For the University of Virginia, the future is now, just greatly improved.
University committees, and a consultant hired to provide a strategic vision for UVa, are recommending the university focus on its current strengths and improve them. The advice comes after interviewing more than 10,000 students, faculty, alumni and officials from other universities around the country.
In a report to the UVa Board of Visitors on Tuesday, Art & Science Group recommended that the university rework itself into a collegiate research university. The school would emphasize student academic experience and interaction with faculty, as well as improving the research areas in which the university current excels.
That description, the consultant noted, is pretty much a description of the university as it is.
“The over-arching message we took away was to build on your existing strengths,” Benjamin G. Edwards, a principal with Art & Science, told the board. “Don’t neglect your [strengths], but at the same time, don’t take them for granted.”
Edwards said school leaders need to become public leaders and push for more state funding. They also need to consider joining with other universities to share some programs.
“Every funding resource in higher education is stressed and for public institutions, it is more so,” he said. “It’s also very easy to compromise academic excellence, but it’s very difficult to regain it.”
Edwards warned the board that it faces issues with funding, including decreased state aid and fewer federal grants, as well as intense competition for students and faculty from other schools. It also must address last summer’s power struggle between Rector Helen E. Dragas and UVa President Teresa A. Sullivan that tarnished the school’s reputation.
Sullivan was pressured to resign last June by the board’s Executive Committee, creating a public outcry from faculty, staff and alumni. That outcry led to Sullivan’s reinstatement 16 days later, but the controversy has continued.
Edwards said the controversy could be used to the school’s advantage, however.
“UVa finds itself in a national spotlight,” he told the board. “That gives it a public opportunity to state what it stands for and where it’s headed.”
The consultant’s message echoed a strategic “cornerstone prospectus” presented Tuesday by Sullivan, based on research conducted by a variety of university committees and organizations.

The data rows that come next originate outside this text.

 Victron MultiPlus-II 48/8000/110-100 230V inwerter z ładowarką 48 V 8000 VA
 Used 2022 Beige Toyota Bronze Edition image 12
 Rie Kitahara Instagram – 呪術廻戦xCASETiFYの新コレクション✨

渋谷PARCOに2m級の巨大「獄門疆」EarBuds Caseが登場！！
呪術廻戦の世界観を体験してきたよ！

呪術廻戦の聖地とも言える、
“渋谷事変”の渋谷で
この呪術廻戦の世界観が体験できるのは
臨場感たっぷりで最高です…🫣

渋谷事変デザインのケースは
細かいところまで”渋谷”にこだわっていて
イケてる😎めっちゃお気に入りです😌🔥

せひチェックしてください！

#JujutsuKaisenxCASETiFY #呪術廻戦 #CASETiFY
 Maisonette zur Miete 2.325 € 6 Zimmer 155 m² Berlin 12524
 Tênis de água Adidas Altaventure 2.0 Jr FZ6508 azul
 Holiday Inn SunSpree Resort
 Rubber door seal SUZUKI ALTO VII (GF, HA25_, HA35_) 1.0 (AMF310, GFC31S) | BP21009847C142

The presentation is designed to keep UVa competitive among top public and private universities.
“This is a not a plan. What we are bringing you today is a draft. That’s why I call it a prospectus,” Sullivan told the board. “We have to have some idea going ahead on what our strong points are and our own collective identity.”

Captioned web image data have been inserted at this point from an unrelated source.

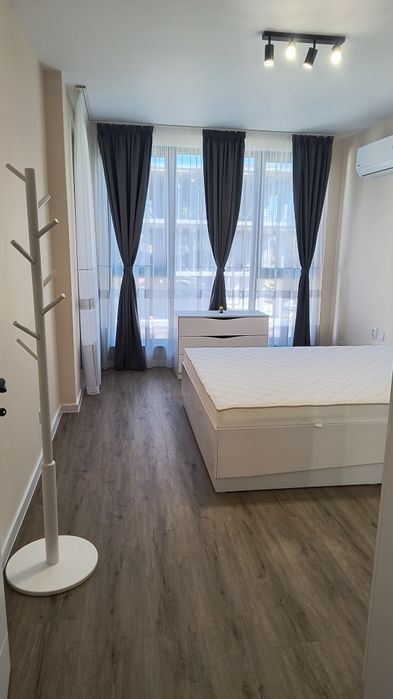Дава се под наем Двустаен апартамент в Карлово - 64 кв.м за 450 € - Снимка #5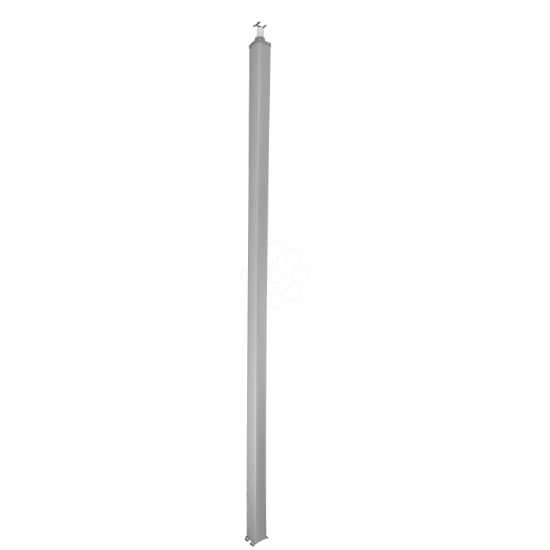 Imagem de COLUNA 2C TAMP80 3,9M ALU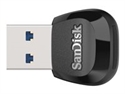Sandisk SDDR-B531-GN6NN - Sandisk MobileMate - Lector de tarjetas (microSDHC UHS-I, microSDXC UHS-I) - USB 3.0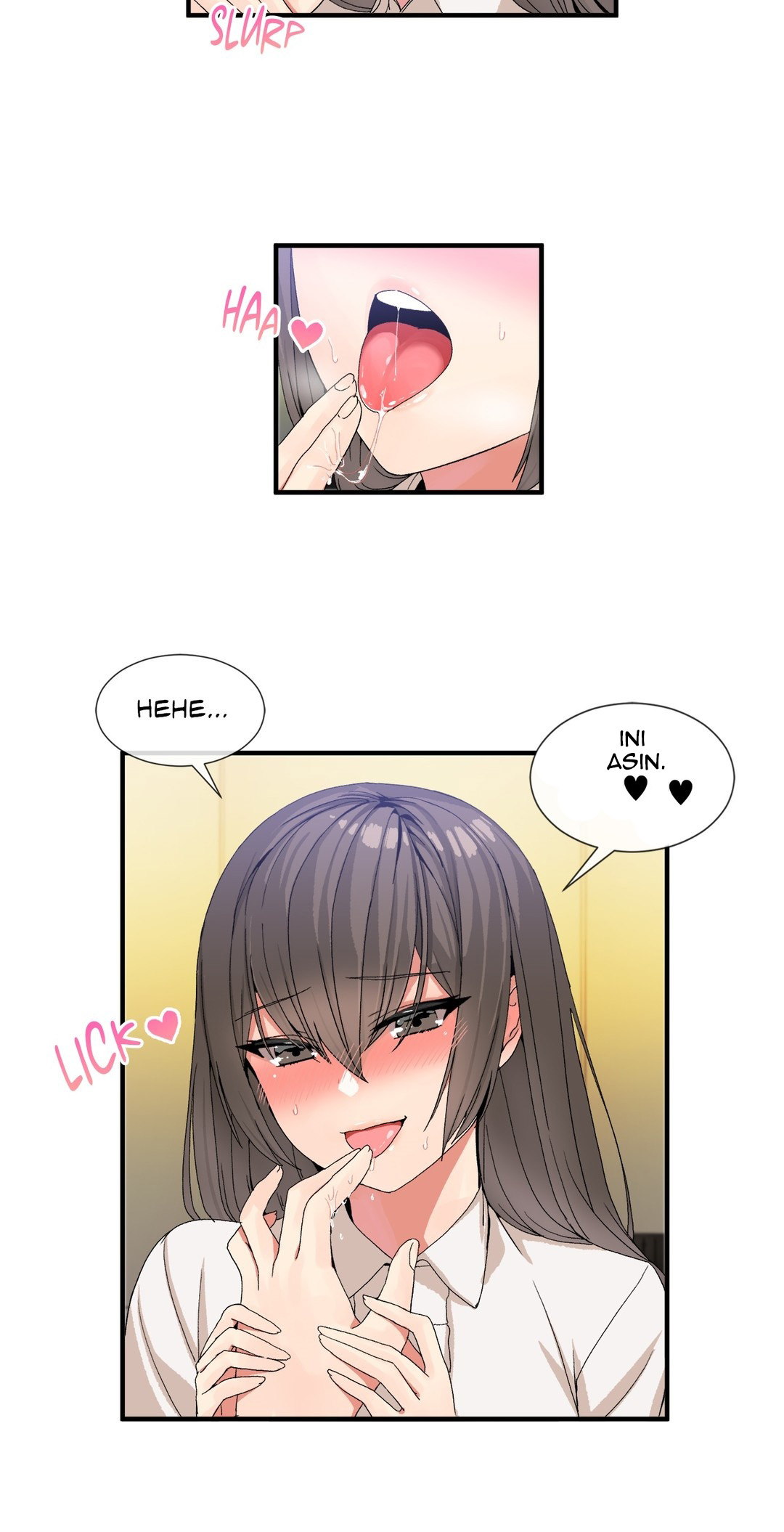 Deceptions (skull2) - Chapter 26 25 Deceptions (skull2) - Chapter 26 25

Both the study and Sullivan’s plan recommend the university focus on expanding and improving UVa’s unique qualities. The rich history, student self-governance and culture of academic excellence and student life should be emphasized and expanded.
The university should build on and improve those research areas in which it currently excels rather than attempting to expand into a world-class research university.

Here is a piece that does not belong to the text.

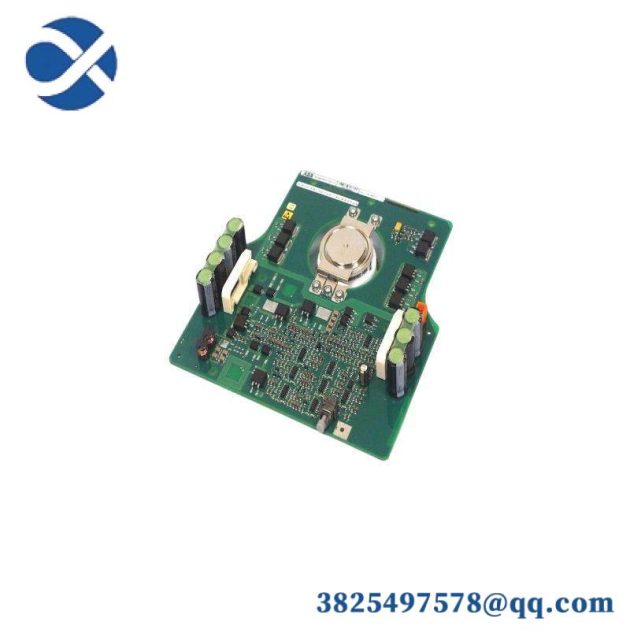 ABB 3BHB004027R0101 - GV C700 AE01 3BHL000382P0101 5SHX0445D0001 PCB Board for Advanced Industrial Control Systems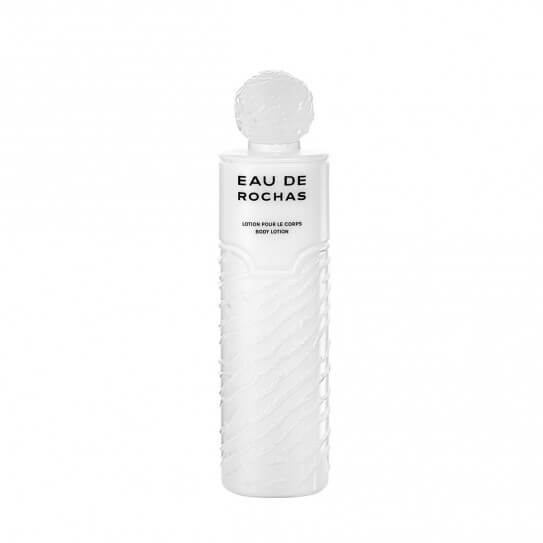 Eau de Rochas - Lait pour le corps - 500 ml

UVa should expand its respected programs teaching leadership skills and ethics and find ways to draw all residential students into the university’s community life.
“UVa would do well to protect its core advantage vigorously and indeed to invest further in aspects of the residential experience to remain competitive and to ensure that a high percentage of UVa students partake in the full experience,” the Art & Science study’s executive summary states.
The consultant’s report and Sullivan’s cornerstone plan both recommend recruiting “distinguished faculty” and increasing student and faculty interaction, as well as student involvement in research. They both recommend investing in the university programs that research new methods of teaching in lower education, as well as in higher education classrooms, and finding a way to keep intact and expand the university’s reputation for academic excellence.
“UVa should lead in rethinking the content of an undergraduate education today through advising, experiential learning and other forms of engagement that students take to develop useful knowledge for this era,” the consultant report’s executive summary states. “In particular, UVa could claim leadership development — notably, the preparation of … public‐service‐oriented future leaders — as a major institutional focus and reason for continued investment in residential education.”
Sullivan’s prospectus and the consultant’s study both suggest investing in technology that will bolster the undergraduate experience and the university’s research programs. Faculty recruitment is also key.
“We need to think about identifying faculty that we would like to recruit much like a coach identifies the high school players he hopes to recruit,” Sullivan said. “We want our faculty to make a long-term commitment to us and we need to make a long term commitment to them.”
Edwards recommended keeping high standards for undergraduate students. He suggested focusing less on making UVa affordable and more on charging tuition equal to what the market for a prestigious institution will bear. Improving financial aid through the Access UVa program would help keep the student body diverse, he said.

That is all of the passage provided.